Harneys previously blogged about the matter of Goodman v Cummings and Another where Justice Mangatal determined a number of preliminary issues which ensured meaningful protection for directors of Cayman funds.
With the Plaintiff (Mr Goodman) having opted to discontinue his proceedings against the former director (Ms Cummings) in light of the preliminary ruling, only two remaining applications came to be decided before the Court for the purposes of this judgment, namely
- A strike out application by DMS, with whom Ms Cummings had been employed during her brief tenure as a director of Tangerine; and
- Mr Goodman’s application to amend his Statement of Claim.
DMS’ strike out application was premised on a belief that the claim that it was vicariously liable for a breach of duty on the part of Ms Cumming was bound to fail, that the claim was bad in law and that Mr Goodman’s freestanding claims in contract and in tort were “makeweights” which were bad in law and / or “embarrassing as pleaded”.
In short, DMS submitted that if Ms Cummings was not liable for a wrong in the Court’s eyes, then her employer could not be liable either. DMS produced a plethora of supporting jurisprudence and pointed to Mr Goodman’s poorly particularized pleadings as evidence of insufficiently pleaded claim.
Mr Goodman strongly opposed the strike out application pointing to the low bar in the established test in Cayman with the relevant question being whether there is a real, not fanciful, prospect of success.

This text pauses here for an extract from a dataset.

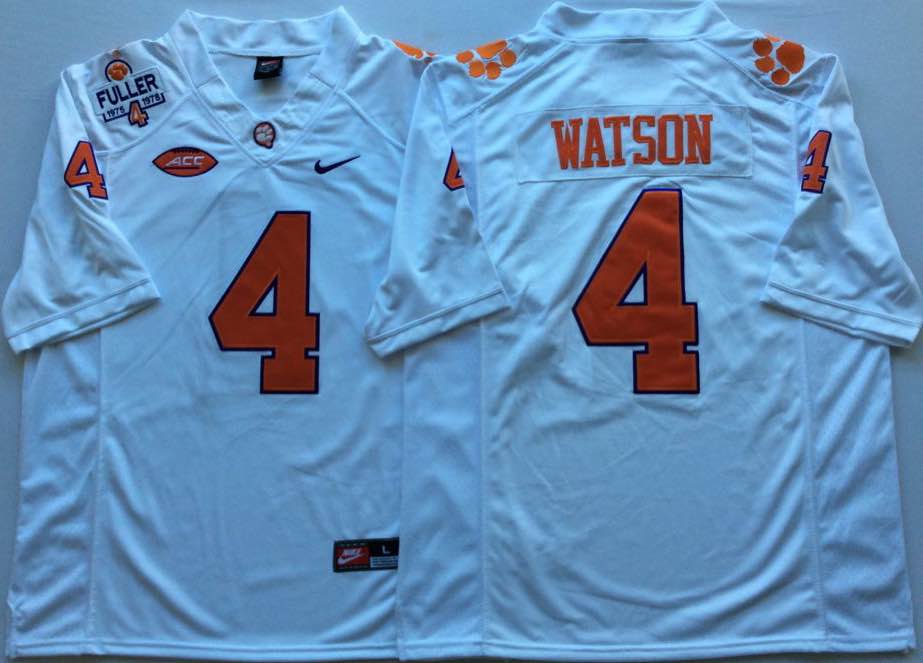 NCAA Clemson Tigers White #4 WATSON Jersey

However, Justice Mangatal was not persuaded by the claims in his pleadings which amounted to no more than “bare assertions” which disclosed no reasonable cause of action. The Judge ruled that on balance Mr Goodman’s case had no real prospect of success. Interestingly, Justice Mangatal also accepted that it is settled law in the Cayman Islands that absent fraud or bad faith, a management company offering services such as the appointment of one of its employees as a director of a company owns no duty of care to that company (following the decisions in the English case of Kuwait Asia Bank EC v National Mutual Life Nominees Ltd and the Cayman case of Paget-Brown & Co v Omni Securities Ltd).